Increasing Contribution Rates

The end of the year is a popular time for organizations to give their employees raises, with many of those raises taking effect in the new year. Increases in income are an ideal time to reassess, and if possible, increase your contribution to your retirement plan.

Increasing your contribution rate as your income grows is a key aspect to retirement planning. A key component of most people’s retirement plan is Social Security, however as your income grows, Social Security makes up less of your pre-retirement income, on a percentage basis. This difference will have to be made up through your private savings and/or pensions.

Increasing your contribution rate with pay raises can also help you catch up if you were unable to contribute as much as you would have liked to when you were younger. It can also help you get closer to reaching the maximum annual contribution.

Understandably, many are nervous about increasing their contribution rate throughout the year, because they do not want to decrease their take home pay.
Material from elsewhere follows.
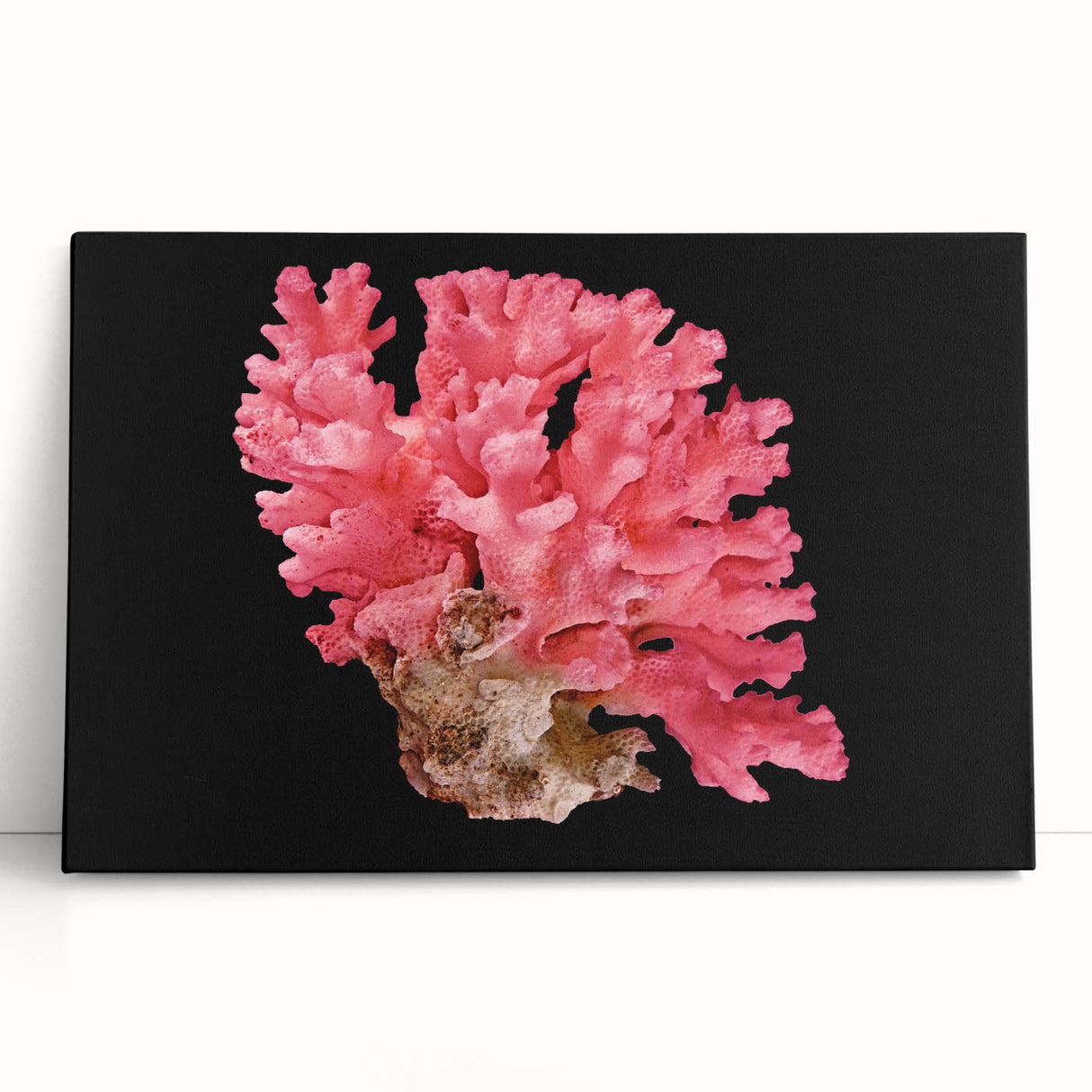 Vibrant coral reef wall art collection on stretched canvas, showcasing colorful marine life in a stunning underwater scene, perfect for ocean-themed decor.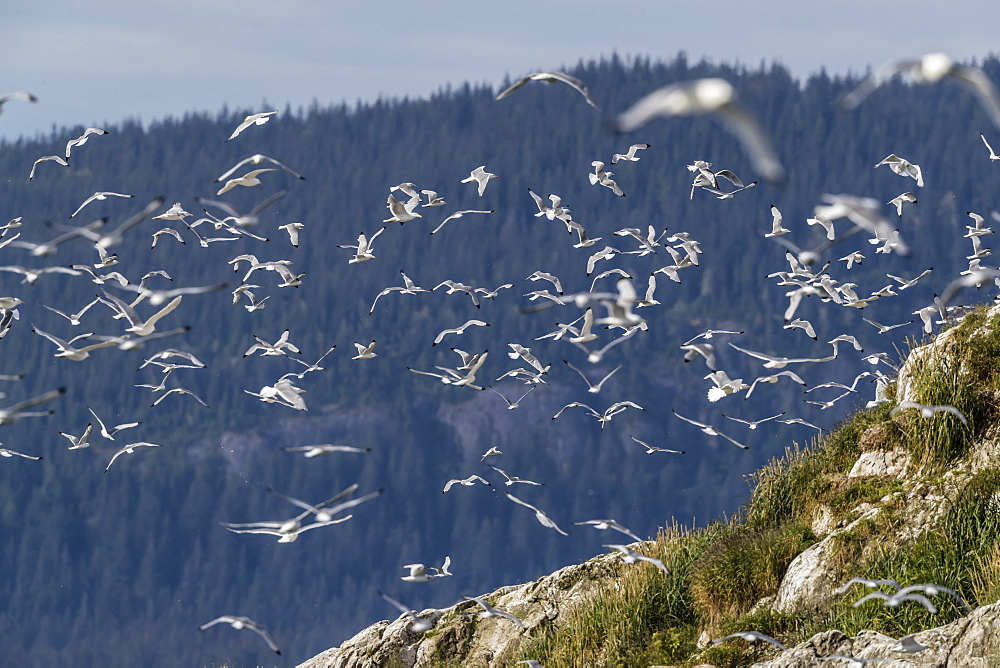 Adult black-legged kittiwakes (Rissa tridactyla), South Marble Islands, Glacier Bay National Park, Alaska, United States of America, North America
That is why timing an increase in contribution rate to coincide with an increase of income will often increase take home pay while also increasing retirement contribution, win-win!

Consider someone initially earning an annual salary of $50,000 and contributing 6% of their salary to their retirement plan. Below is a graph describing ten scenarios, in which they receive a raise between 3% and 5%, and for each raise they either keep their current contribution rate at 6% or increase it to 7%.

*This graph does not consider inflation, taxes, or other benefits, and is meant to be illustrative.*

In each scenario, the net pay after increasing the worker’s salary and deferral rate is considerably more than their previous net pay, and fairly close to the net pay of someone who kept their deferral rate the same.

A larger salary increase coupled with a 1% increase retirement plan deferral can increase both net take home pay and the total amount that you are contributing for your retirement. With some forward planning, you can even set your increase to take effect on the same pay period that your salary increase takes effect. That way, you can maximize the amount that you contribute while also not getting used to the new pay with the old deferral rate.

There is no guarantee that any investment strategy, including those described here, will be successful. Any investment or investment strategy can lose money. Past performance does not guarantee or predict future results. You should not assume that any discussion or information contained in this newsletter serves as the receipt of, or as a substitute for, personalized investment advice from Raffa Wealth Management, LLC. This information was gathered from reliable sources but we cannot guarantee accuracy. Indexes do not reflect the fees associated with actual investments and such fees would reduce the performance illustrated.